Your copy starts at the line containing "Examples: b, d, m, z, y" and ends at the last line below. Copy exactly, without pictures.

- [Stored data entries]

——

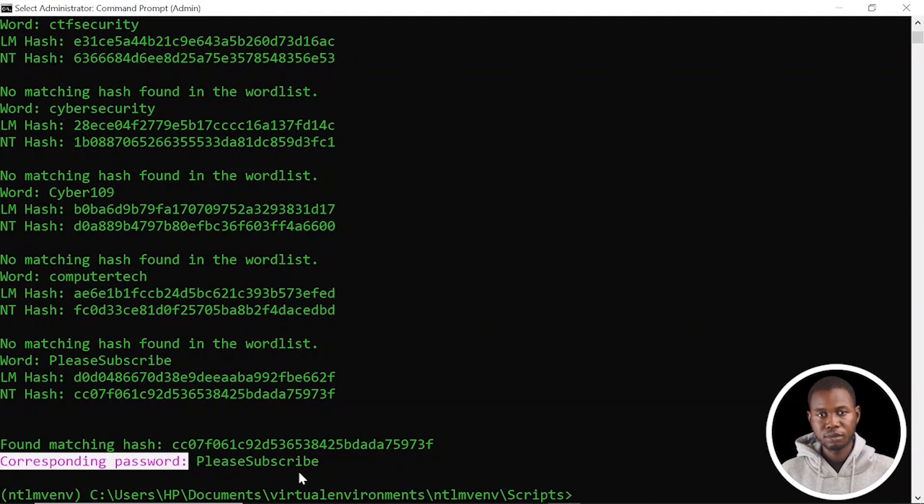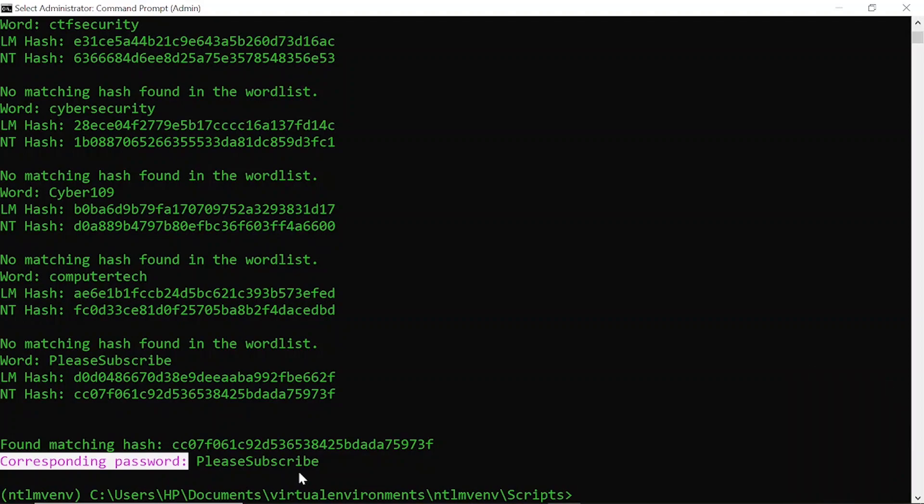That will be all for this video. You've seen how easy it can be to dump and crack Windows NTLM hashes when you have the right tools and wordlist. If you're enjoying this video, please make sure you like, subscribe, and share. See you next time.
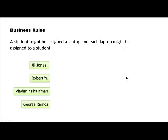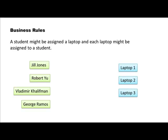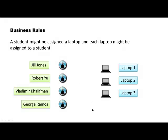Our situation might look like this. There are four students — we are indicating each student just by name, although we know we have to represent them by their IDs. But let's assume these are four distinct students and there are three different laptops. Here we are talking about instances; this is not an entity relationship diagram. Let's say Jill Jones is assigned laptop two, Robert Yu is assigned laptop three, and George Ramos has laptop one.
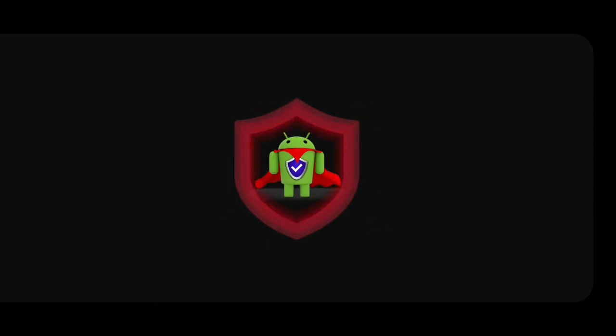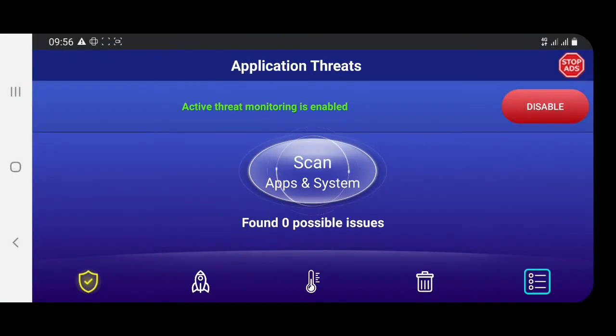Now, if you are using the app, you can load it. You can open the window. You can scan the app and system using the key and the button.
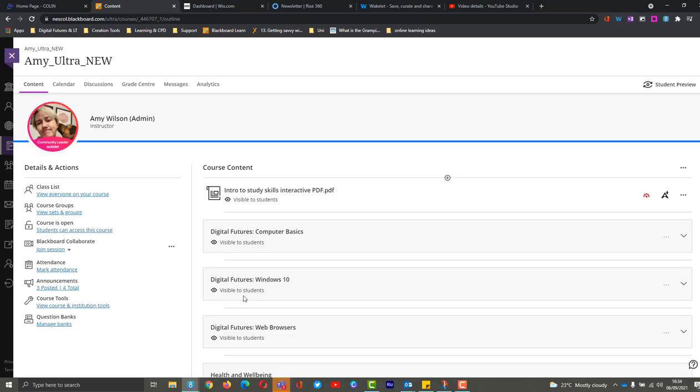Hi guys, it's Amy here, and today we're going to be looking at creating sessions, scheduling them, and looking at recurring sessions.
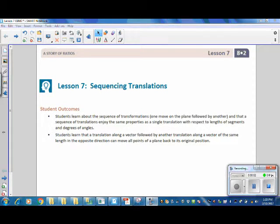This is Mrs. Zappia with Lesson 7, Sequencing Translations from Grade 8, Module 2.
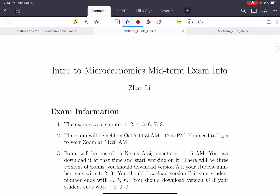Here's the information on the midterm exam. The exam will cover chapters 1, 2, 4, 5, 6, 7, and 8 — basically homework 1. These chapters are about market equilibrium, supply and demand, and its applications.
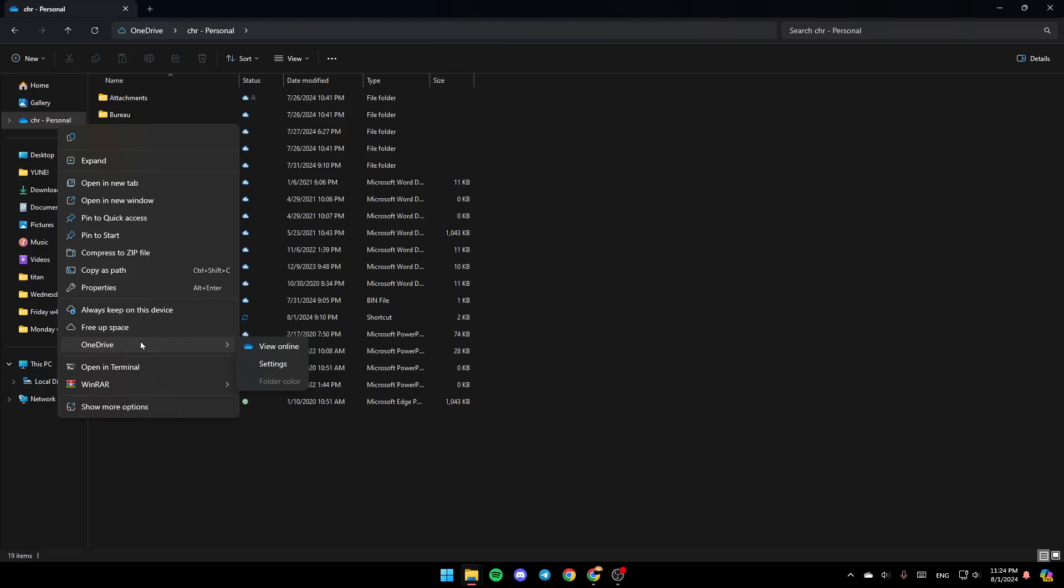So go ahead and click on OneDrive, and then right here you're going to find the option to view it online. Here you're going to find Settings, and lastly, right here you're going to find Folder Color.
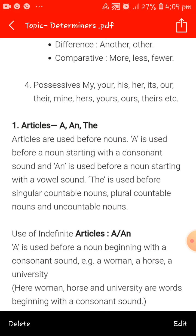Examples: b, d, m, z, y — these are consonants. 'An' is used before a noun starting with a vowel sound — wherever a vowel sound like A, E, I, O, U is heard. For example: an umbrella, an honest man. 'The' is used before singular countable nouns, and it is also used with plural countable nouns and uncountable nouns.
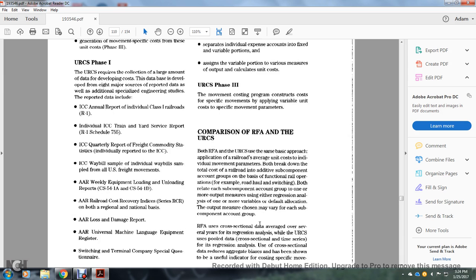Comparison of Rail Form A and the Unified Rail Cost System: both the Rail Form A and the Unified Rail Cost System use the same basic approach of applying railroad average unit costs for indicated movement parameters. Both break down the total cost of the railroad into additive component account groups for basic functional rail operations—for example, road haul and switching—and relate each component account group to one or more output measures using either regression or allocation. The output measure chosen may vary for each component account group. Rail Form A uses cross-sectional data averaged from several years for regression analysis, while the Uniform Railroad Cost System uses pooled cross-sectional and time series data.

——

- [SOLVED EXERCISE]
Examples: b, d, m, z, y — these are consonants. 'An' is used before a noun starting with a vowel sound — wherever a vowel sound like A, E, I, O, U is heard. For example: an umbrella, an honest man. 'The' is used before singular countable nouns, and it is also used with plural countable nouns and uncountable nouns.
Comparison of Rail Form A and the Unified Rail Cost System: both the Rail Form A and the Unified Rail Cost System use the same basic approach of applying railroad average unit costs for indicated movement parameters. Both break down the total cost of the railroad into additive component account groups for basic functional rail operations—for example, road haul and switching—and relate each component account group to one or more output measures using either regression or allocation. The output measure chosen may vary for each component account group. Rail Form A uses cross-sectional data averaged from several years for regression analysis, while the Uniform Railroad Cost System uses pooled cross-sectional and time series data.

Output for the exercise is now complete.